▶ **What is being asked**:
Among the entries below, find the line with "Modern Deco Champagne Blocks Rug (79x105)" and the line with "1946 WPA Ohio". Return exactly those lines and every line between them, but no pictures.

▶ **Records**:

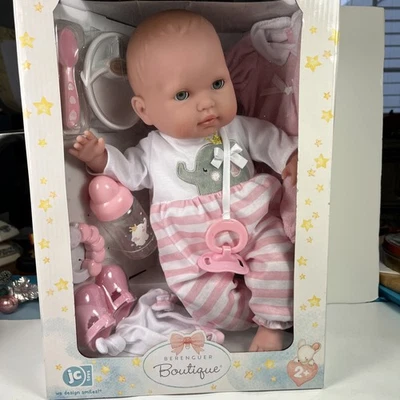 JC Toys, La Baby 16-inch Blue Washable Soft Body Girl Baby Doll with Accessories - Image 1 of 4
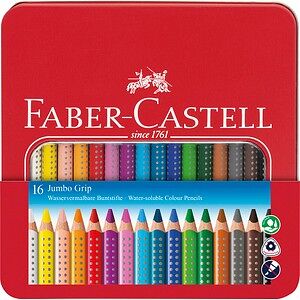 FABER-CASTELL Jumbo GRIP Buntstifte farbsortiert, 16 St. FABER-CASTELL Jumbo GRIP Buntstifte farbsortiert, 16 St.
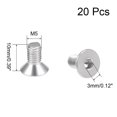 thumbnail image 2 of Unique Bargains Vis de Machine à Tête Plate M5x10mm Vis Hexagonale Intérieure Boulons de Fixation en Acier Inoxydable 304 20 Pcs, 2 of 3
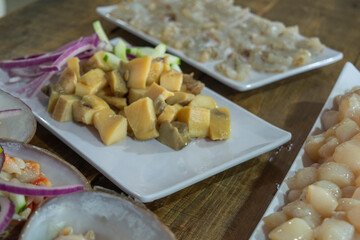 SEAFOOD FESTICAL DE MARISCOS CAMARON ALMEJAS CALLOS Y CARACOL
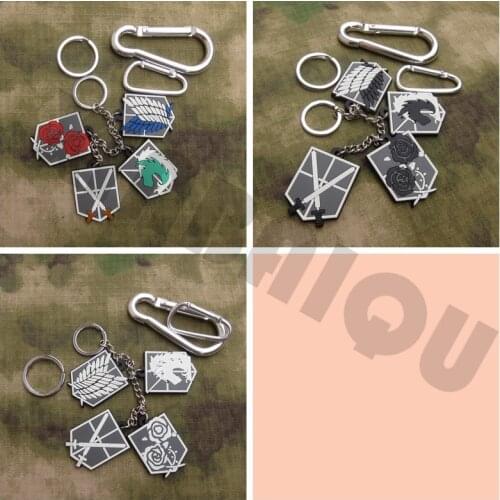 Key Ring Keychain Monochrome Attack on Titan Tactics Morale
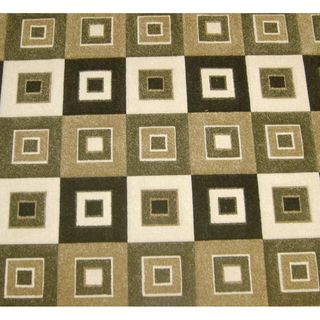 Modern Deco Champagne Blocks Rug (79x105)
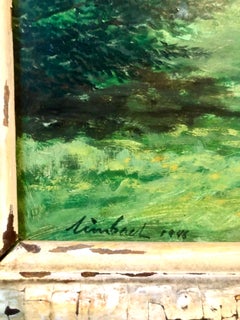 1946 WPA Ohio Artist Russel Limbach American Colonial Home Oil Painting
---
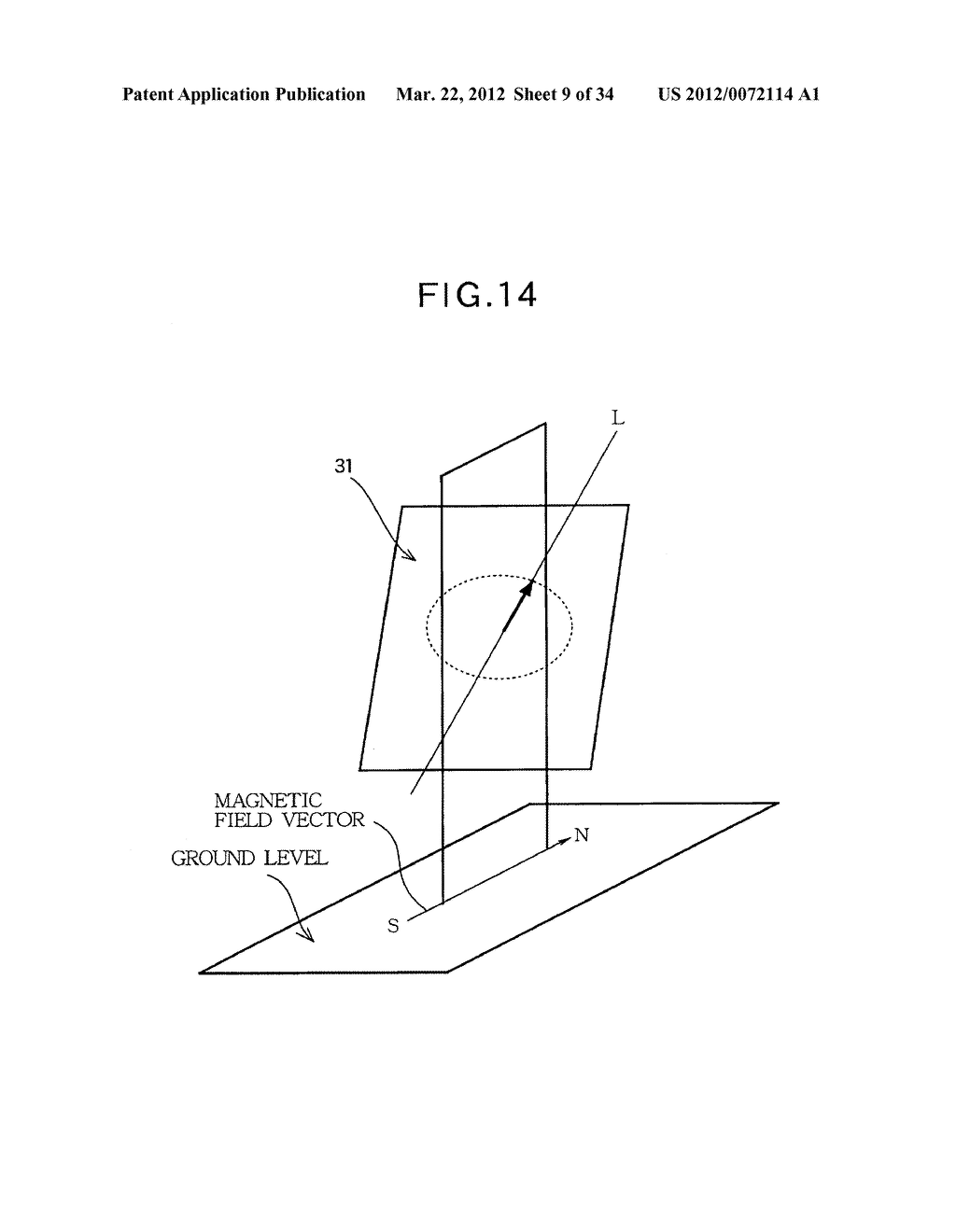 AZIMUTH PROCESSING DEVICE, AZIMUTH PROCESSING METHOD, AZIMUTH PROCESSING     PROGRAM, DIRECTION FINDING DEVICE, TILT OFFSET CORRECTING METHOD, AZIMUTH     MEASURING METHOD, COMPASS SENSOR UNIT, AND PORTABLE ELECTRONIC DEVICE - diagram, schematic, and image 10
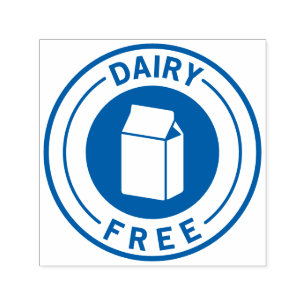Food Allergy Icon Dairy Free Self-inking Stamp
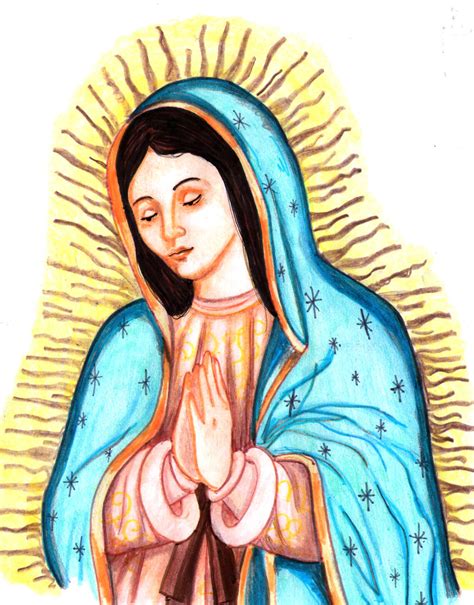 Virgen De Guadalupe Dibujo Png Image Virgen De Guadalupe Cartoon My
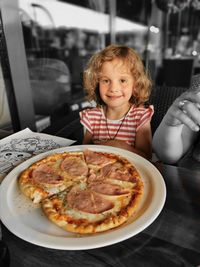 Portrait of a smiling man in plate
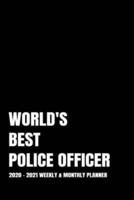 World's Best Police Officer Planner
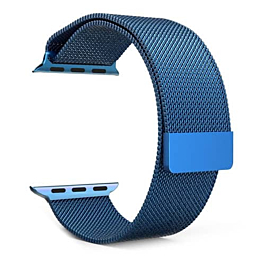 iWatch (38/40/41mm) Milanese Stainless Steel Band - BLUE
---
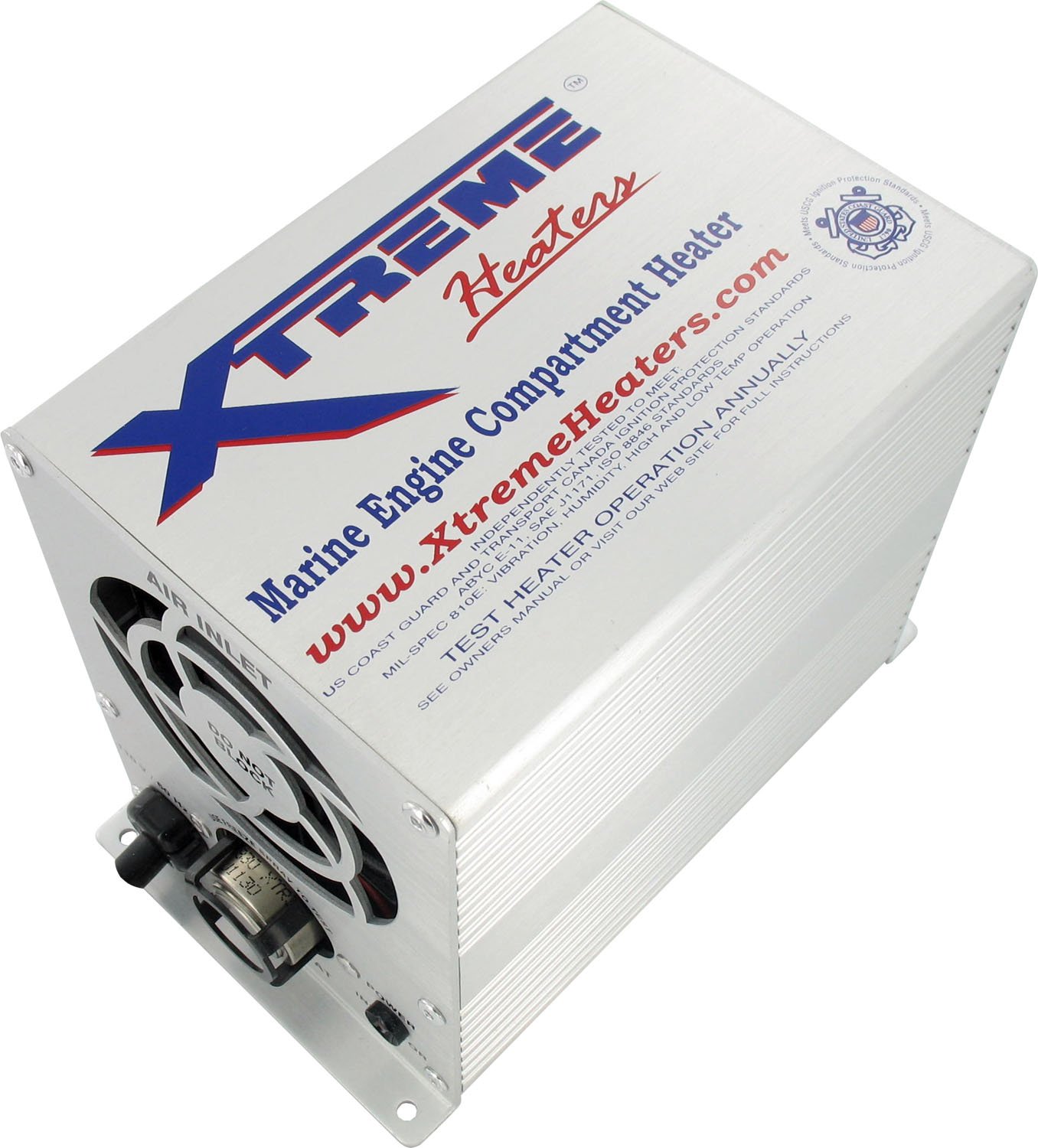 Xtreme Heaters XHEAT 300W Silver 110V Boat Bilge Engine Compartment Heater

▶ **Exercise answer**:
 Modern Deco Champagne Blocks Rug (79x105)
 1946 WPA Ohio Artist Russel Limbach American Colonial Home Oil Painting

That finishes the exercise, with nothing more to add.